Pagina:Tragedie di Euripide (Romagnoli) V.djvu/130

Da Wikisource.

ORESTE 127


Ma questi brani meritano poi speciale considerazione per la loro altissima tempra. Si legga, dopo la pàrodos, l’invocazione alle Eumenidi perché sollevino Oreste dalle sue pene; e, nel secondo stasimo, la rievocazione, piena di evidenza. di profondità e di pathos, del matricidio.
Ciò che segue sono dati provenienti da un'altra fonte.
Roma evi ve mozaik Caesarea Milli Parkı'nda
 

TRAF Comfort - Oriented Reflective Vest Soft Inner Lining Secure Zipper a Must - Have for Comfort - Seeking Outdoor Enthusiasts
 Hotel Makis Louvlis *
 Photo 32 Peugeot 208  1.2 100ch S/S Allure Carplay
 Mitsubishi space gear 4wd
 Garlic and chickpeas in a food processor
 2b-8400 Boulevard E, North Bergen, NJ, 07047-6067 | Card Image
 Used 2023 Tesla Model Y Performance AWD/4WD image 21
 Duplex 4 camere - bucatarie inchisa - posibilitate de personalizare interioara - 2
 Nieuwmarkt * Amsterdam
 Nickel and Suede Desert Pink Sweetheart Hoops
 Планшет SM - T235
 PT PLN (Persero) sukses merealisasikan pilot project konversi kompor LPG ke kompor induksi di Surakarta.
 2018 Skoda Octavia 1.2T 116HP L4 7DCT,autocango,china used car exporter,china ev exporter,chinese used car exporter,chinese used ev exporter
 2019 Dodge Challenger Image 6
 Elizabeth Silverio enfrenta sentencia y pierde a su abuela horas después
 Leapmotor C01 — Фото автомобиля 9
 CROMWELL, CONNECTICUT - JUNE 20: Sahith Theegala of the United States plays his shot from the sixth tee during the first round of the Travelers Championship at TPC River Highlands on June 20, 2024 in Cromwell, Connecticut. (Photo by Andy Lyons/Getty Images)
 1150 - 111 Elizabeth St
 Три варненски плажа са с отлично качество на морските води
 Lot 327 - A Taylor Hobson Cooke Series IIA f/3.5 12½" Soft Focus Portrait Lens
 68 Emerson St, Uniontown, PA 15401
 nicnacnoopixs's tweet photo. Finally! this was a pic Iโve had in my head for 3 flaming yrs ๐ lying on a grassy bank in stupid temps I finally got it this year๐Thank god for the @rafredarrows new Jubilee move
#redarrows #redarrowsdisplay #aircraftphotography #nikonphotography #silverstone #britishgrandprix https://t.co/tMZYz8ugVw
E nel canto di Elettra, che, con sapore di novità, occupa integralmente il terzo stàsimo, la invocazione alla terra pelasga, con quella figurazione del mito di Tantalo, tutta infusa d’una possente vibrazione cosmica oscura, ma che rivaleggia per grandiosità con quella di Pindaro: si rileggano tutti questi brani; e parrà che in essi, nella parte corale, si sia rifugiato l’alto spirito tragico, spanto quasi per intéro dalle parti piú propriamente drammatiche. Sono essi come un gran cielo mitico, pieno ancora dei suoi Numi e dei suoi eroi, che s’inarca sopra l’azione, nella quale non si muovono piú se non figure comuni, e faccia piovere sovra esse un fatuo bagliore di tragicità dionisiaca. Contaminazione, se si vuole; ma piena di effetto e di strana suggestione.

E possiam dire che dai giorni di Eschilo non si era piú vista una concezione del coro cosí ricca, sebbene cosí profondamente differente dalla eschilea.

E dei personaggi in sé, dei «caratteri», non giova far troppo lungo discorso. Tutta gente da poco — diceva già l’antico commentatore1. Proprio cosí. E non già perché siano antieroici, ma perché, evidentemente, il poeta non ha avuto in animo di scolpirli, o, se ne ha avuto in principio l’idea, l’ha presto abbandonata. E tutti i personaggi di questo dramma sono fantocci, ai quali il poeta ha appiccicato qua e là,

  1. Nella Ipotesi. Πλὴv γὰρ Πυλάυδου πάντες φαῦλοι εισιν. Ma neppur Pilade mi sembra una grande eccezione.